The first live-action, English-language adaptation of the popular Japanese manga series Ghost in the Shell hits theaters this week. But even before the previews roll, feelings are mixed. Some fans’ anxiety stems from Hollywood’s splotchy track record with manga adaptations (see: Speed Racer, Dragonball Evolution). But more notably, the movie has ignited the discussion about Hollywood’s continued whitewashing of Asian roles. In this case, fans have protested Scarlett Johansson’s casting as the character known in Masamune Shirow’s original manga series as Motoko Kusanagi.
Here’s a primer on the the franchise, the controversy surrounding its release and how it fits into larger conversations about cultural representation in Hollywood.

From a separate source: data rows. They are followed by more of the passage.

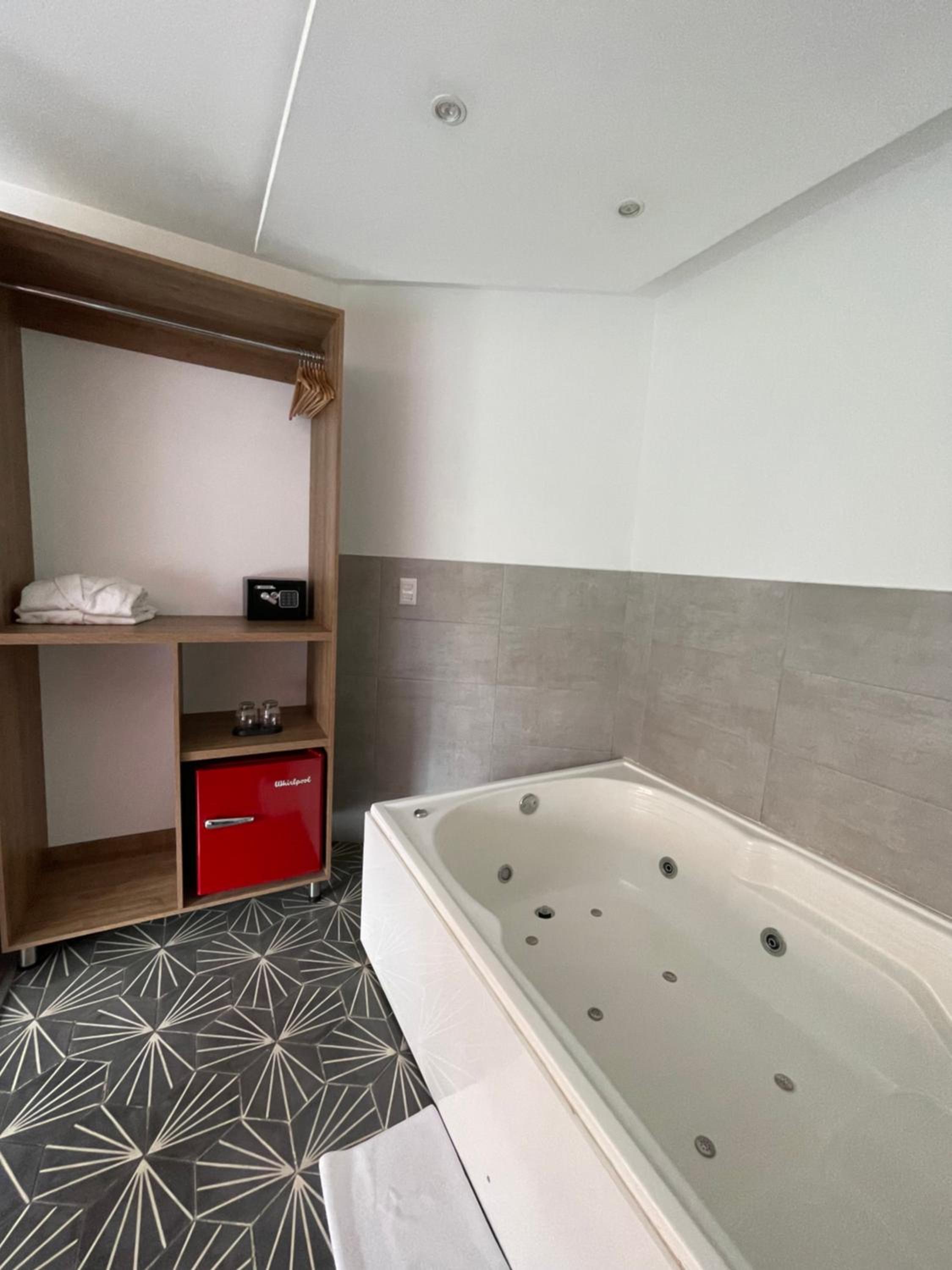 Deluxe Suite with Spa Bath photo 2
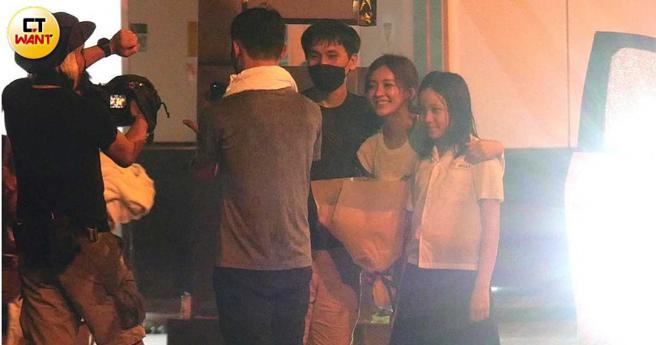 凌晨1点半左右工作人员献上杀青花束，陈意涵与林品彤、导演靳家骅三人开心合影。（图／本刊摄影组）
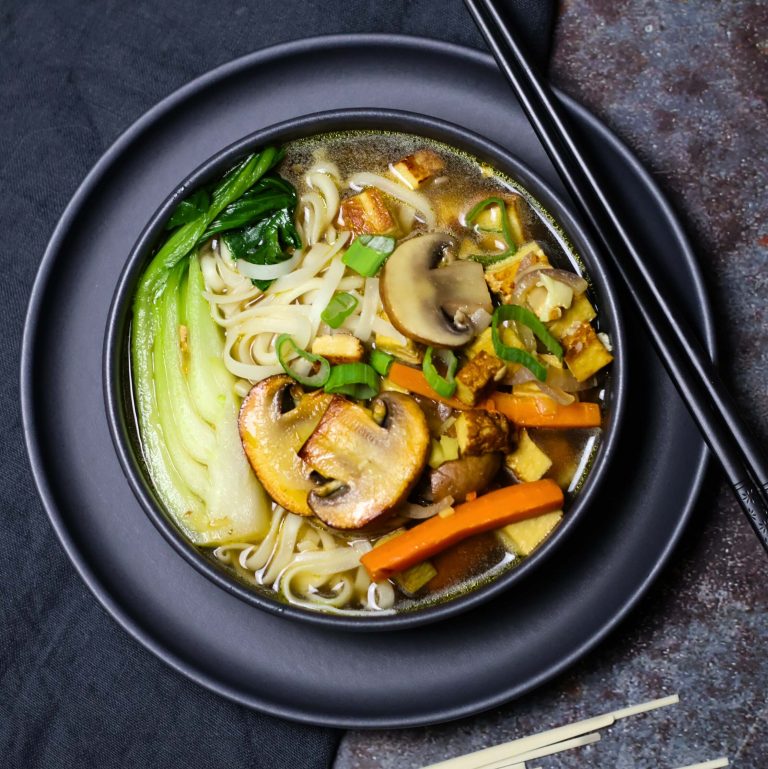 Vegane Ramen Suppe mit Nori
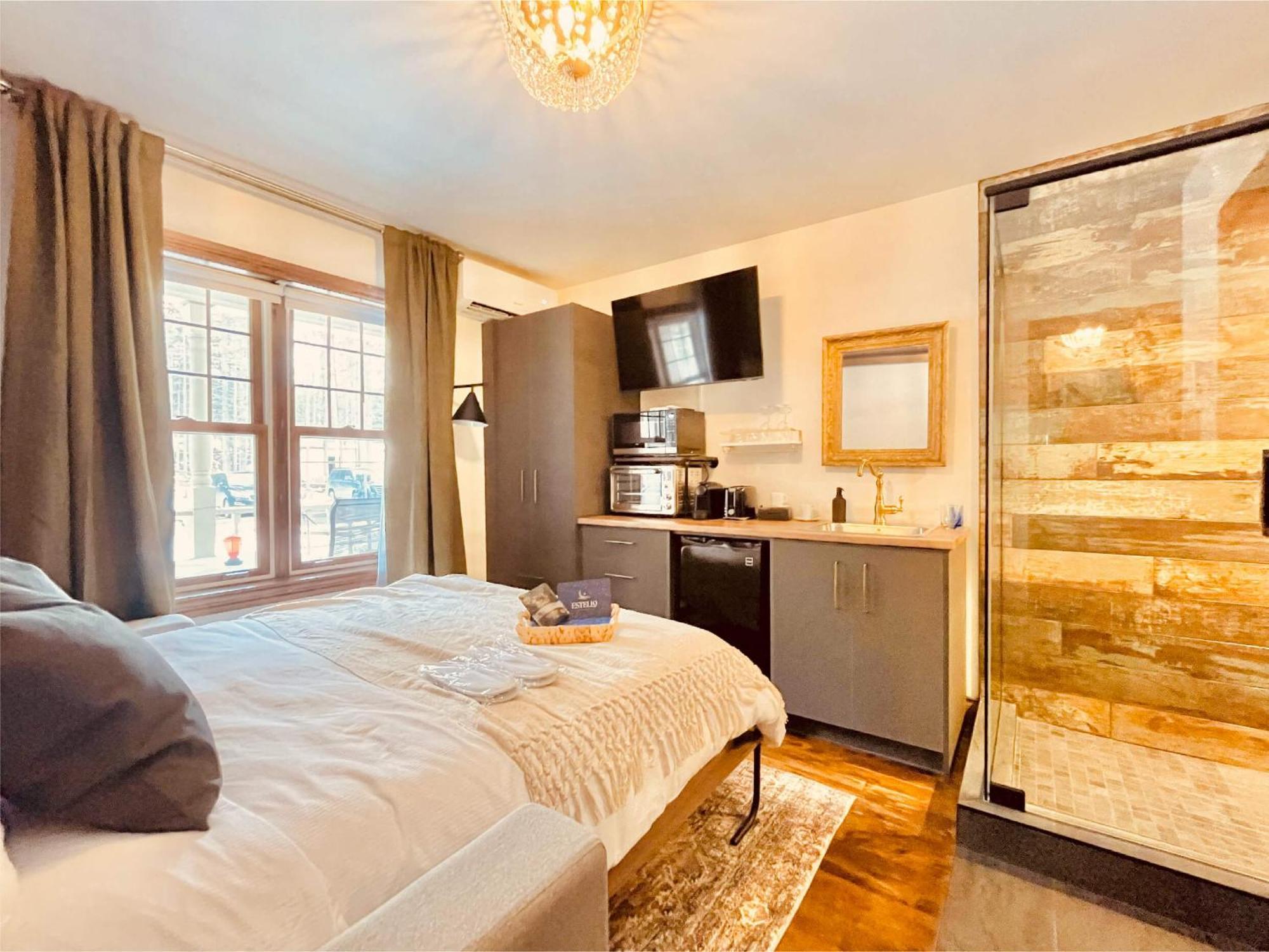 Estello Suites & Spa Lac-Mégantic Quarto foto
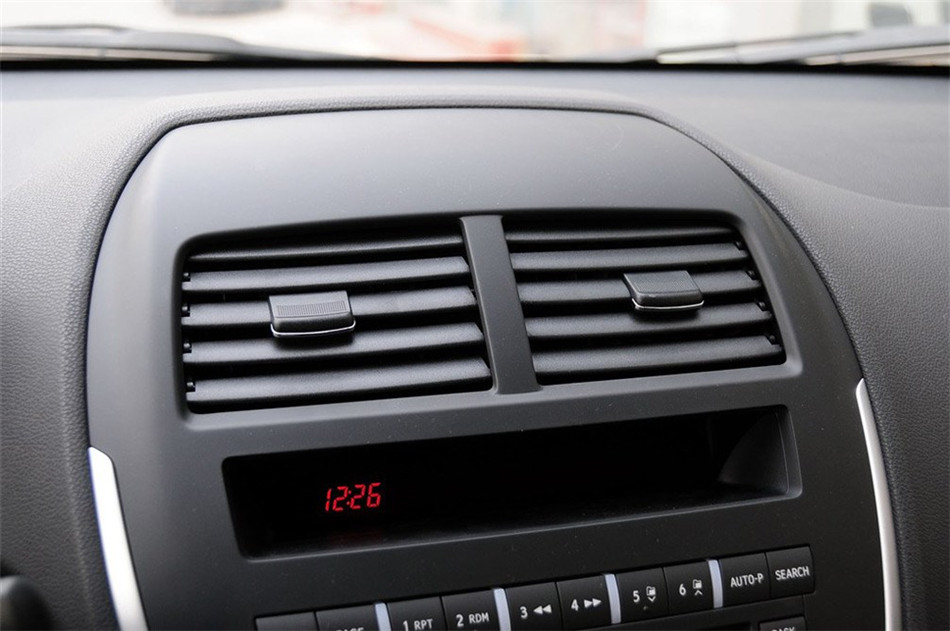 2013款 1.6L MT 两驱标准版 内饰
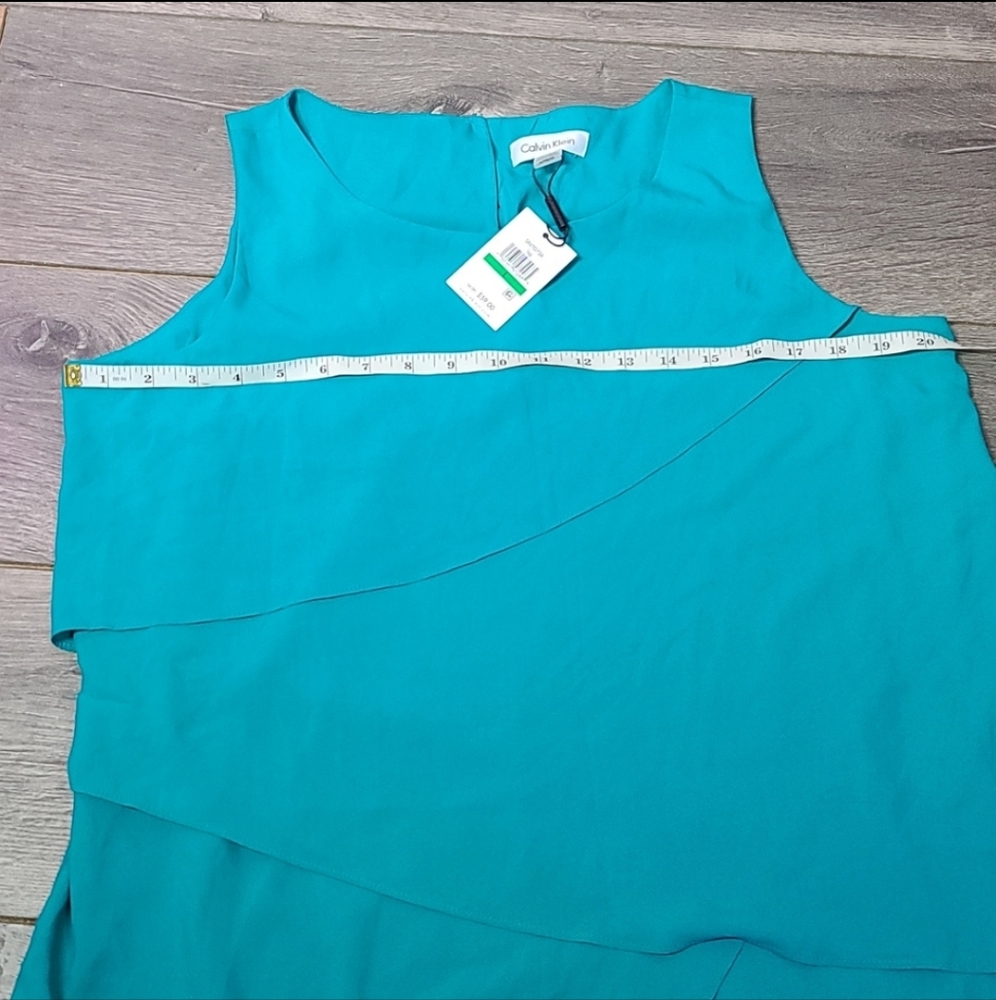 Calvin Klein Long Ruffle blouse - Picture 7 of 7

What is Ghost in the Shell and why are they remaking it?
Ghost in the Shell originated as a Japanese manga series written and illustrated by Masamune Shirow beginning in 1989. It takes place in a fictional city in mid-21st century Japan and tells the story of a group of special operatives, Public Security Section 9, who fight terrorism, corruption and cybercrime. In this futuristic world, some people have cyberbrains, others have prosthetic bodies, and still others—like Motoko Kusanagi—have both. Having a cyberbrain has advantages (like connecting to various networks) and disadvantages (like the ability to be hacked). The “ghost” in the title refers to human consciousness, and the “shell” is the cybernetic body.
As for a modern retelling, the themes of the story—questions about what defines humanity as artificial intelligence grows increasingly prominent—continue to fascinate moviegoers (see: Ex Machina, Westworld, Black Mirror, Blade Runner 2049). The original movie adaptation, a Japanese animated film released in 1995, has a big following, including directors Lana and Lilly Wachowski, who the New York Times reports brought a copy along when they pitched The Matrix. And while the manga has spawned a second animated film, TV series and a handful of video games, it’s never been rendered as a live-action film.